Он снова пожимает плечами.
— По-моему, я уже ответил на твой вопрос.
— Я не про кофеварку. Зачем тебе я? — обвела рукой воздух вокруг себя. — Зачем ты все это для меня делаешь?
Марк молчит и продолжает терзать капусту.
— Соседи думают, что я твоя племянница. Или незаконная дочь.
— В самом деле?
— Да. Никто, даже склочная старуха с первого этажа, не допускает мысли, что мы спим в одной постели.

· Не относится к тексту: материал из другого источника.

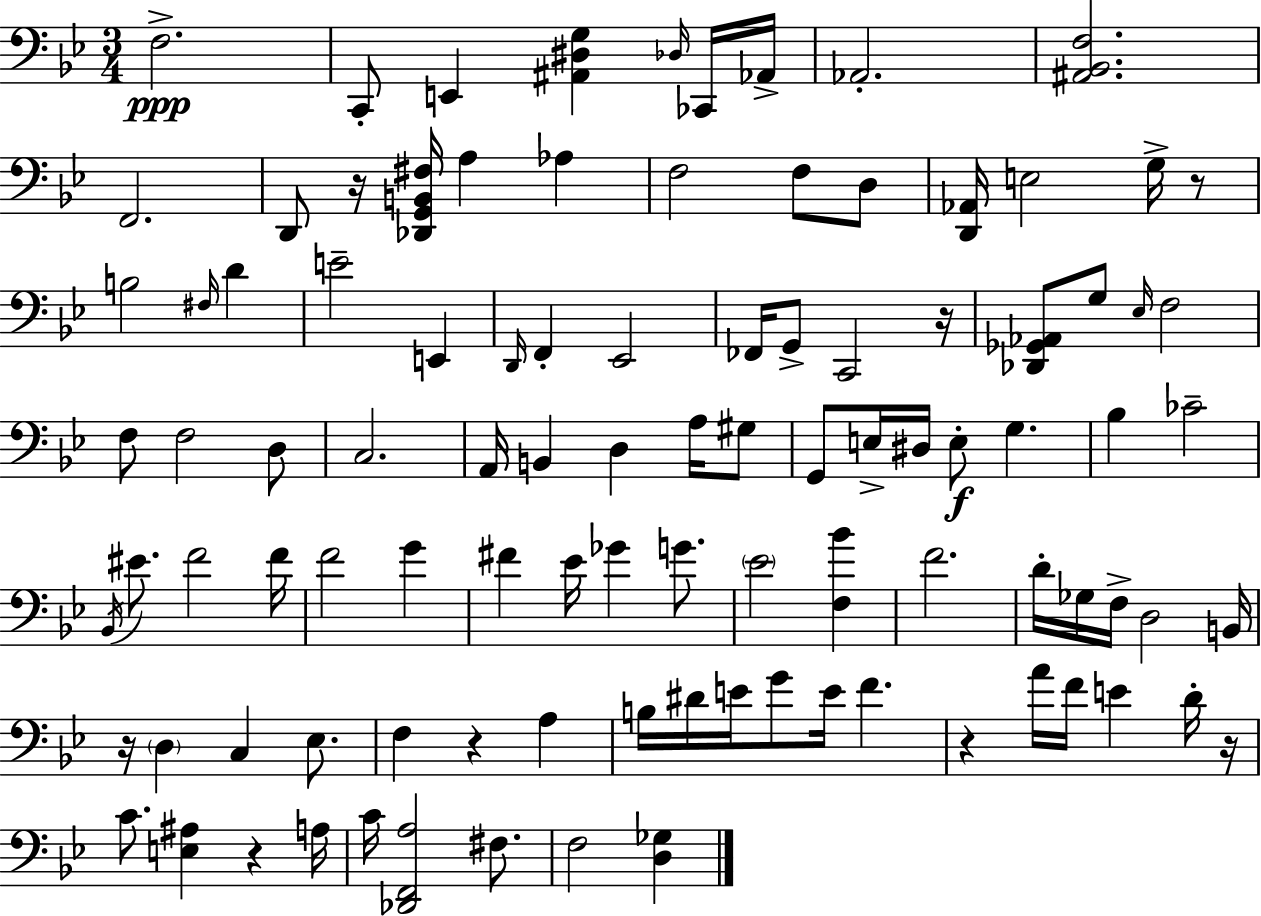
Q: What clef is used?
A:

— Наверное, потому, что мы этого не делаем, — усмехается он, добавляя в салат соль. — В моей квартире достаточно комнат, чтобы обеспечить каждого из нас собственной норкой.
Я глубоко вздыхаю.
— Ты очень трепетно обо мне заботишься. Почти как крестный фей. При этом мы не родственники, не супруги и не любовники. Вот я и спрашиваю — зачем?
Марк поднимает на меня глаза. Их взгляд прямой и острый, как лезвие.
— Если не я, то кто, Тея? — холодно спрашивает мужчина. — Есть в этом мире хотя бы один человек, которому ты нужна?
Я делаю глоток кофе. Мне нечего ему сказать. Впрочем, Марку ответ и не нужен, он знает его не хуже меня. Никому я не нужна. Потому что у меня никого нет.
Забавно, да? Еще год назад у меня было всё, чтобы считать себя нужной, успешной и счастливой: семья, жених, интересная работа, куча друзей.
А потом все это исчезло. Сделало «пфф!», и растворилось в небытии.
Первым ушел жених — Свен. Мы встречались почти восемь лет — познакомились во время учебы в университете и с тех пор были неразлучны. За годы, проведенные вместе, я привыкла воспринимать его, как самую органичную и неотъемлемую часть своей жизни. Он был лучшим другом, любовником, поверенным всех моих тайн, той самой опорой, о которой мечтает каждая женщина. Когда эта опора рухнула, моя привычная жизнь рухнула вместе с ней.
О том, что нам надлежит расстаться, Свен сообщил прямо и очень спокойно. Просто в один ни разу не прекрасный день усадил меня в кресло и сухо объявил, что будущего рядом со мной не видит, жить в моей компании не желает и вообще несказанно рад, что за восемь совместных лет мы так и не сподобились пожениться. Делить нам нечего, ибо общей собственности у нас нет, а телевизор и три табуретки, которые мы купили в складчину для своей съемной квартиры, он, так уж и быть, подарит мне на память.
За сим Свен собрал свои вещи и ушел, оставив меня собирать по кусочкам свою разбившуюся реальность.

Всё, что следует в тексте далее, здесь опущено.